After all, he hadn’t been buying a house but a memory.

One of the few childhood memories he recalled with fondness.

He pulled into the gravel driveway and parked next to his sheriff’s department SUV, then shut off the engine. Nights were quiet in this part of town. The lots were several acres, the houses distant from each other, and behind them was pasture. Forty acres of it had come with the house, but the old man had leased it to a neighboring rancher, and Brady had continued the lease. Someday, though, he planned to put up a barn and buy a few horses from Easy Rafferty, one of Reese’s friends over in Heartbreak who raised damn fine paints.

He went inside the dark, empty house, turned on the TV and settled on the sofa with a beer. Welcome to his usual Saturday night.

Most of the time he didn’t care how alone he was. Hell, he’d been that way so long it had come to feel natural. Growing up, he and his kid brother, Logan, had pretty much been each other’s best—and only—friends. They’d known other kids at school, of course, but they’d kept to themselves. It had seemed safer that way.

Then Logan had disappeared without a trace nearly seventeen years ago. Brady had gone to bed one night and Logan was there in the next room, and he’d awakened the next morning and his brother was gone. He’d taken his clothes and left a note, one line that had just about killed Brady.

He didn’t let himself think about Logan very often, but tonight it somehow seemed appropriate. Where was he? Had he even survived the last seventeen years? Had he managed to make himself over into someone who could live a normal life, have friends, laugh, be happy? Had he ever married, had kids? Did he ever think about looking up his older brother?

Probably no more often than Brady thought about trying to find him. He had run a nationwide driver’s license check a few years ago and come up with a number of Logan Marshalls, but none whose birth date matched his brother’s. He’d even considered hiring a private investigator, but had discarded the idea. Logan had had his reasons for taking off the way he did. The least Brady could do was respect them.

He flipped through the channels, watched the clock and told himself that, barring any emergencies, he was home for the night. Bored with television, he went in and took a shower, then went into the bedroom to get a pair of boxers. He wasn’t getting dressed, he told himself, even as he took a clean pair of Levi’s from the closet, and he repeated it as he pulled a T-shirt from the dresser drawer. He absolutely wasn’t going anywhere, he insisted as he picked up his wallet, pager and keys from the dresser, then started toward the front door.

He wasn’t going to the motel.

Wasn’t parking beside her Mercedes in the back lot.

Wasn’t climbing the stairs.

Wasn’t standing in front of Room 22.

He stood there, trying desperately to talk himself out of knocking. But damn it, being accustomed to being alone didn’t mean it didn’t eat at him sometimes. Some days the need for somebody got under his skin and damn near drove him mad until he’d satisfied it. That was what had sent him to the bar Thursday night—what had made him come back to the motel with Hallie. Usually that one night would have been enough to fill the emptiness that sometimes consumed him and would enable him to go back to his life for a few more months.

But this time, God help him, he wanted more, and Hallie Madison was the perfect person to give it. They’d already filled each other’s needs once. He liked her, and she… He didn’t know whether she liked him, but at least she wasn’t intimidated by him.

And most important of all—she was leaving town the next morning. He would probably see her again, but not until she came back to visit Neely, and that could be months—even years. By then she might not even remember his name.

Raising his hand, he hesitated, then rapped sharply on the door.

Seconds ticked past with no sound from inside the room. He wouldn’t blame her if she refused to open the door—half wished she would do exactly that so he would have no choice but to go home. But after a minute, maybe two, there was a rustle inside, then the door swung open.
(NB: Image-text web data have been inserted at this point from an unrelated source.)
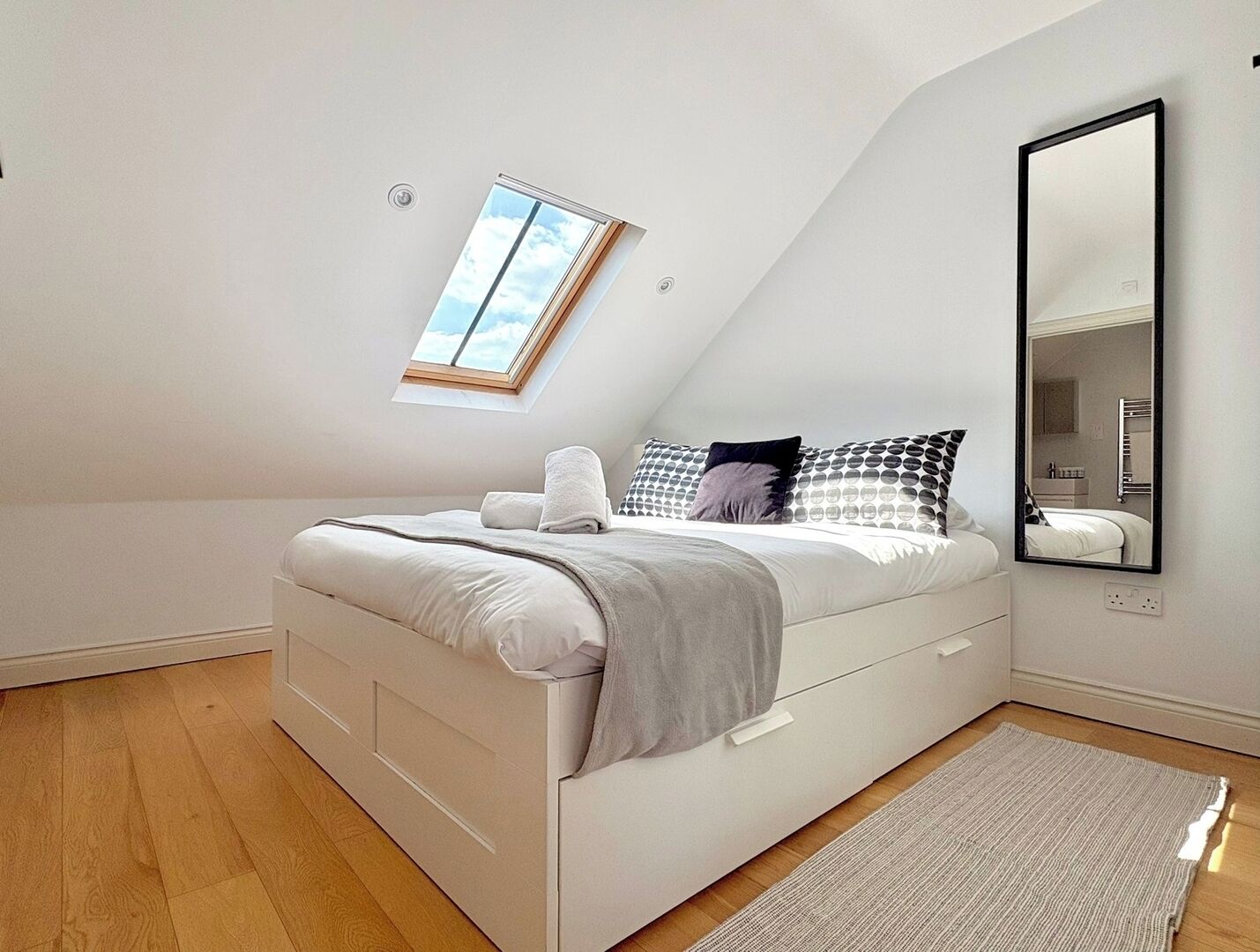 1 bedroom, iron/ironing board, WiFi, bed sheets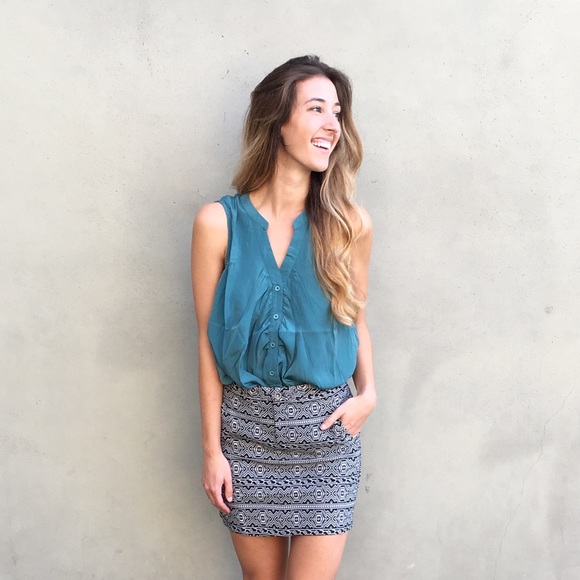 black and white patterned skirt - Picture 2 of 4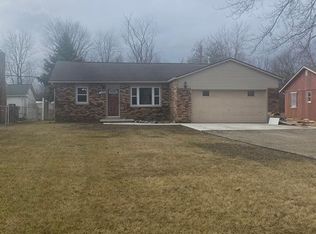 32198 Truman Rd, Rockwood, MI 48173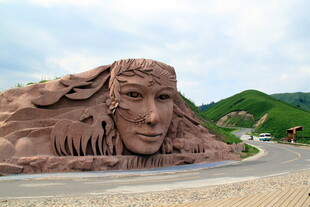 巨大印第安人头像雕塑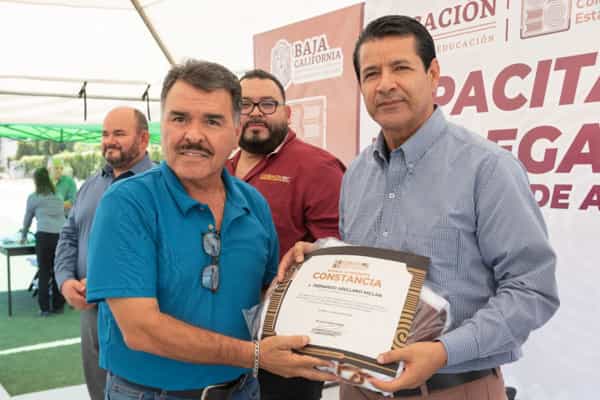 Entrega Cobach BC uniformes deportivos a docentes de actividades paraescolares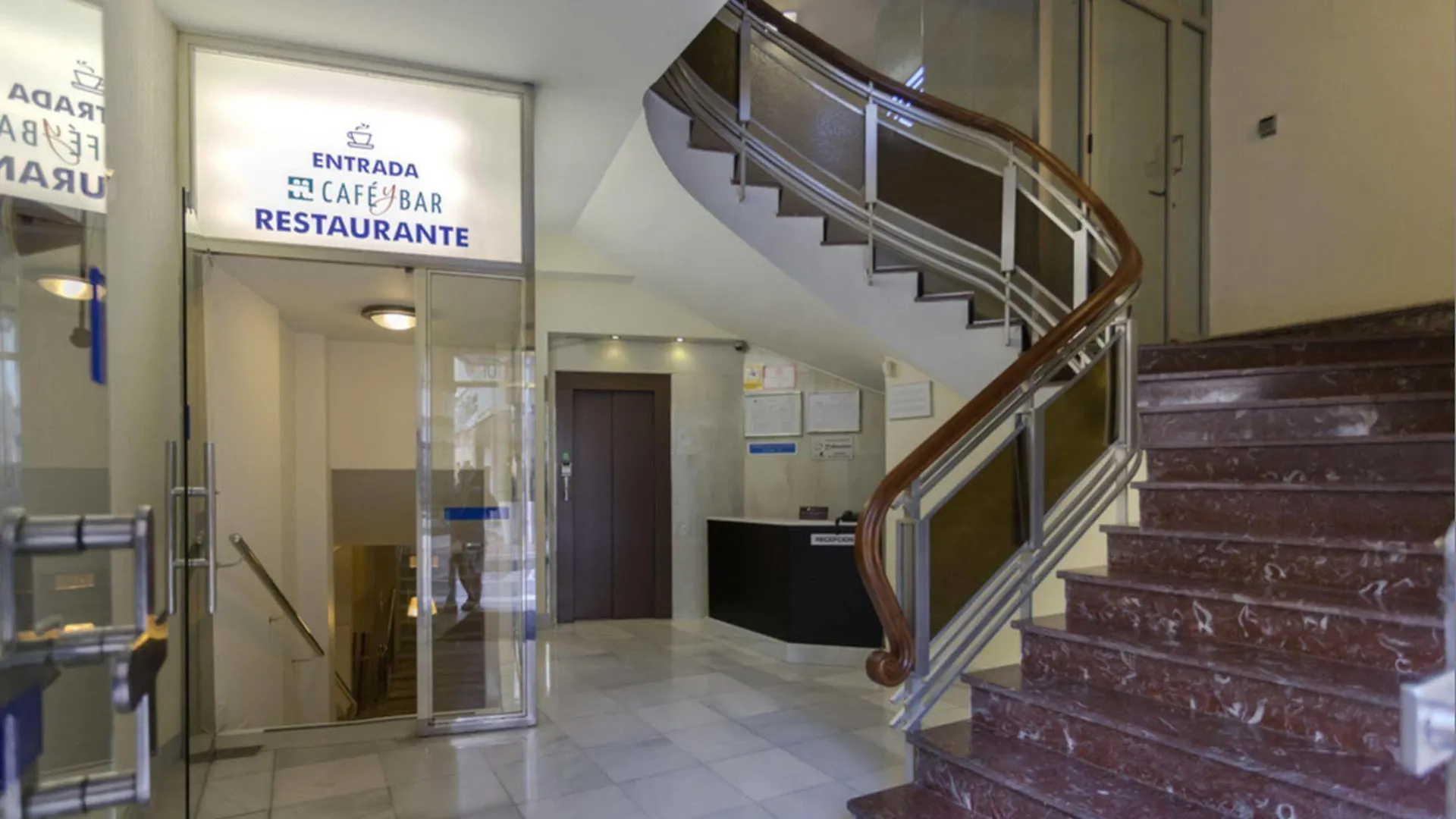 Hotel Torreluz Centro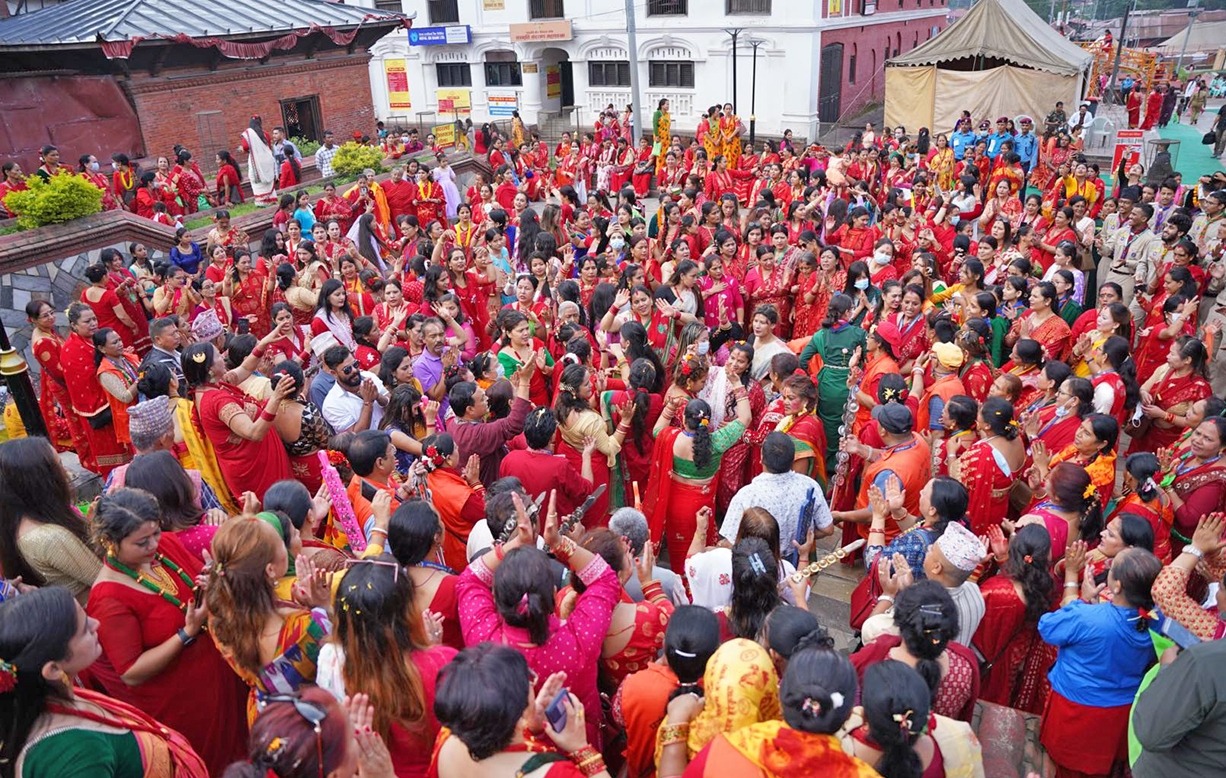 आज हरितालिका तीज, देशभरका शिव मन्दिरमा व्रतालुहरूको भीड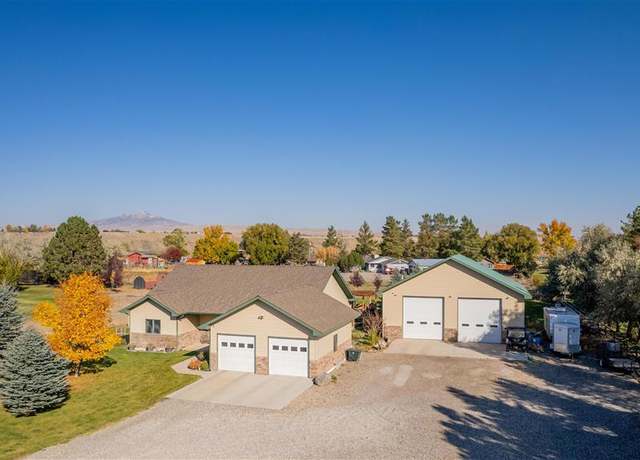 Property at 4215 Carter Mountain Dr, Cody, WY 82414, 5 beds, 3 baths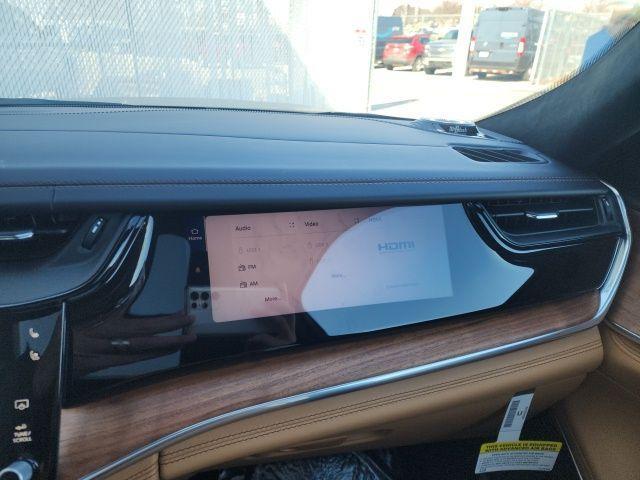 new 2026 Jeep Grand Cherokee car, priced at $59,954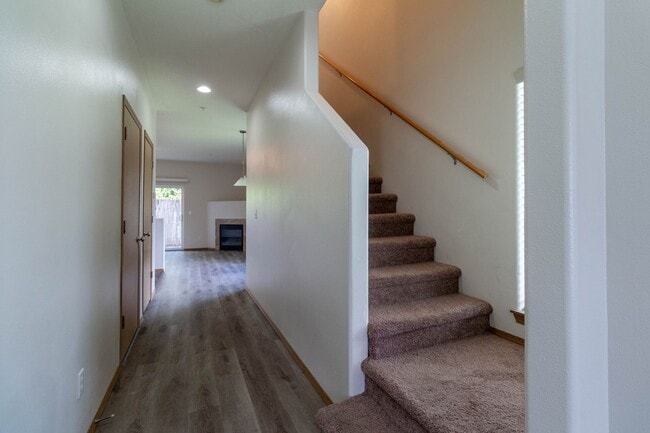 Building Photo - Beautiful 3 Bed 2.5 Townhome with 1 Car Ga...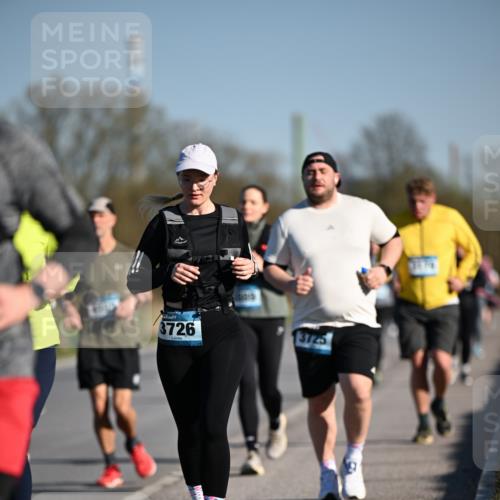 06.04.2025 - 44. Internationalen Wilhelmsburger Insellauf Dr. Thomas Lammeyer http://msf.ph/oto/7566240 06.04.2025 09:41:59 Laufen 3726, 13725 meine-sportfotos.de
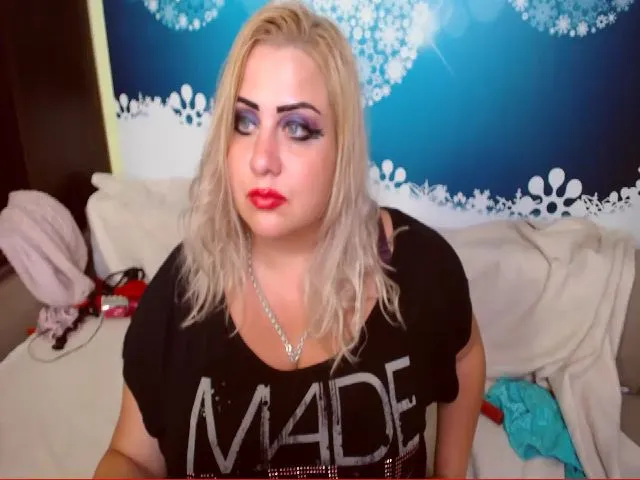 Live sex webcam photo for LustyMoniBBW #252817847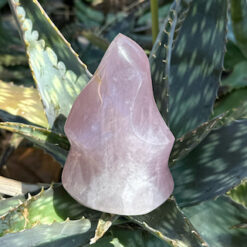 Alternative view of Quartz rose poli forme flamme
She’d obviously showered since the party. Her face was free of makeup and her hair, still damp, was slicked back from her face, and damned if she didn’t look as pretty as she had all dressed up. She was wearing something thin and satiny held up by tiny straps and ending somewhere around midthigh, and she was naked underneath it. She looked sexy and innocent and vulnerable, and he knew if he touched her again, he would be damned to hell with no way to redeem himself.

Even knowing that, he reached out.

And he touched her.

Chapter 2

Hallie knew why he’d come.

It was in the hunger that made his blue gaze intense, in the tension that crackled around him and the heat where his fingers loosely held hers. She could send him away with no more than a shake of her head…or she could pull him inside and close the door.

Sending him away would be the smart choice, of course.

But in all her thirty years no one had ever described her as the smart sister.

Barely breathing, she watched him watch her. He hadn’t taken so much as a step over the threshold, and she knew he wouldn’t unless she gave him an invitation. Did she have the courage to offer that invitation?

Did she have the strength to hold it inside?

She didn’t know how long they stood there—one minute or ten—but the sound of familiar voices in the parking lot below signaled that time had run out. Her sisters, mother and stepfather were back from the party, and while Doris Irene’s room was on the ground floor, Bailey and Kylie were sharing a room down the hall and around the corner.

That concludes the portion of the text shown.